Quote: (03-12-2018 10:18 PM)MOVSM Wrote:
You made fine points of technicalities. Not disputing any of it, it all has merit.
I am asking you to explain why all those fine folks with plenty of financial experience (allegedly) at the U.S. Treasury would do this thing that is contrary to all financial backgroundness.
It is not contrary, and I do not know why you think it is. There are different nuances between corporate and municipal accounting
Let me quote the report you linked to. Read the last paragraph. They are not hiding these liabilities; otherwise you certainly wouldn't have been able to look them up so easily. But there are reasons some things are on the balance sheet, and others are disclosed in the notes, this is normal. These reports are written assuming the reader has some knowledge of how this all works, this is not meant to be an accounting 101 lesson.
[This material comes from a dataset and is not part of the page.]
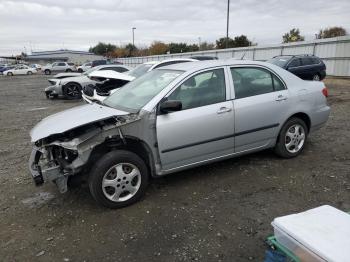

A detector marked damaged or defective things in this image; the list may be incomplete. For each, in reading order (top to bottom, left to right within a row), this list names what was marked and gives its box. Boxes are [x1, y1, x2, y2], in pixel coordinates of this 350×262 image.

crushed hood [30, 103, 130, 142]
damaged toyota corolla [28, 59, 330, 209]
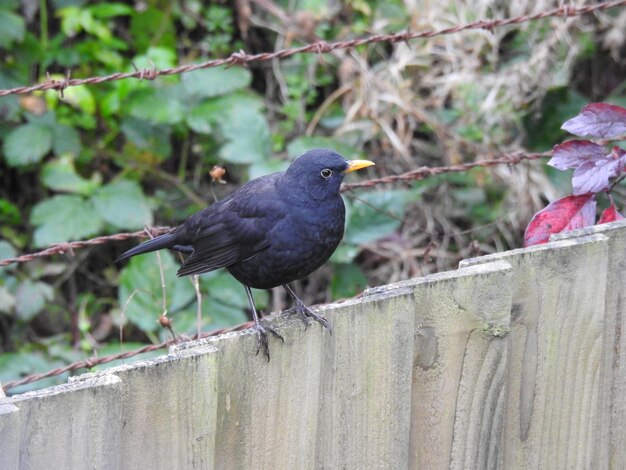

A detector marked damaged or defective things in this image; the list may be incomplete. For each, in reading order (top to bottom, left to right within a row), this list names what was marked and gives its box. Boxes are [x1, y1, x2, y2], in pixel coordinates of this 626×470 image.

rusty wire [1, 0, 620, 97]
"Liabilities are obligations of the Government resulting from prior actions that will require financial resources. The most
significant liabilities reported on the balance sheets are federal debt securities held by the public and accrued interest, and
federal employee and veteran benefits payable. Liabilities also include environmental and disposal liabilities, benefits due
and payable, as well as insurance and guarantee program liabilities.
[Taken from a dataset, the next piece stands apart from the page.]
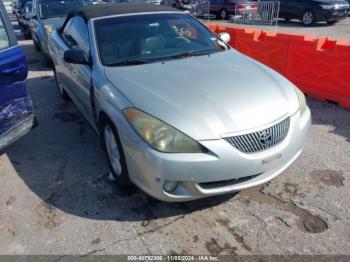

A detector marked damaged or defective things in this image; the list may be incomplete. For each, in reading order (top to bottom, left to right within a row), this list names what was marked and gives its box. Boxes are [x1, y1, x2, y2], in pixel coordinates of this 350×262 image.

damaged vehicle [0, 2, 34, 150]
damaged vehicle [47, 3, 310, 202]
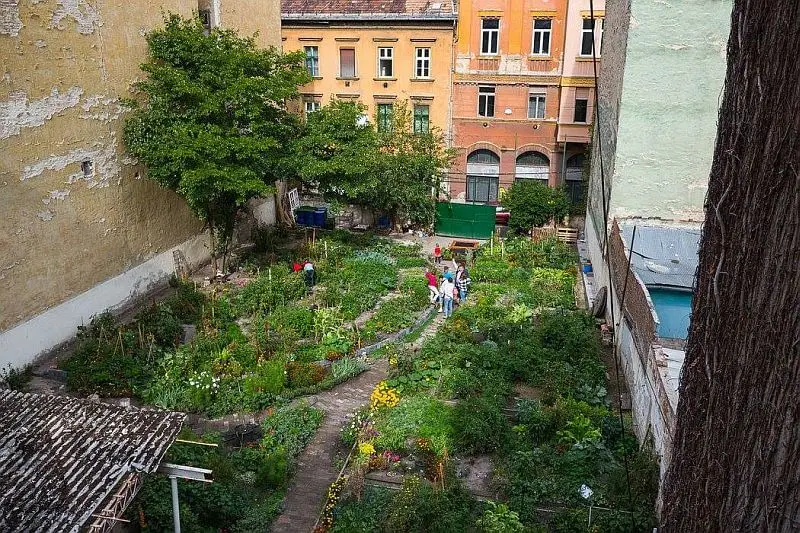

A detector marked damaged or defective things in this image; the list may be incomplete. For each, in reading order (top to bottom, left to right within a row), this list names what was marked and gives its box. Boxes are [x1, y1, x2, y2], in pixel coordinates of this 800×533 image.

peeling paint wall [0, 1, 282, 340]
As with reported assets, the Government’s responsibilities, policy commitments, and contingencies are much broader
than these reported balance sheet liabilities. They include the social insurance programs reported in the Statements of Social
Insurance and disclosed in the Required Supplementary Information (RSI)—Social Insurance section, fiscal long-term
projections of non-interest spending reported in the Statements of Long-Term Fiscal Projections, and a wide range of other
programs under which the Government provides benefits and services to the people of this Nation, as well as certain future
loss contingencies.
The Government has entered into contractual commitments requiring the future use of financial resources and has
unresolved contingencies where existing conditions, situations, or circumstances create uncertainty about future losses.
Contingencies and commitments that do not meet the criteria for recognition as liabilities on the balance sheets, but for which
there is at least a reasonable possibility that losses have been incurred, are disclosed in Note 18—Contingencies and Note
19—Commitments.
The collection of certain taxes and other revenue is credited to the corresponding funds from dedicated collections that
will use these funds to meet a particular Government purpose. If the collections from taxes and other sources exceed the
payments to the beneficiaries, the excess revenue is invested in Treasury securities or deposited in the General Fund;
therefore, the trust fund balances do not represent cash. An explanation of the trust funds for social insurance is included in
Note 20—Funds from Dedicated Collections. That note also contains information about trust fund receipts, disbursements,
and assets.
Due to its sovereign power to tax and borrow, and the country’s wide economic base, the Government has unique access
to financial resources through generating tax revenues and issuing federal debt securities. This provides the Government with
the ability to meet present obligations and those that are anticipated from future operations, and are not reflected in net
position."
Sorry for the formatting, on my phone and that is how it copy pasted.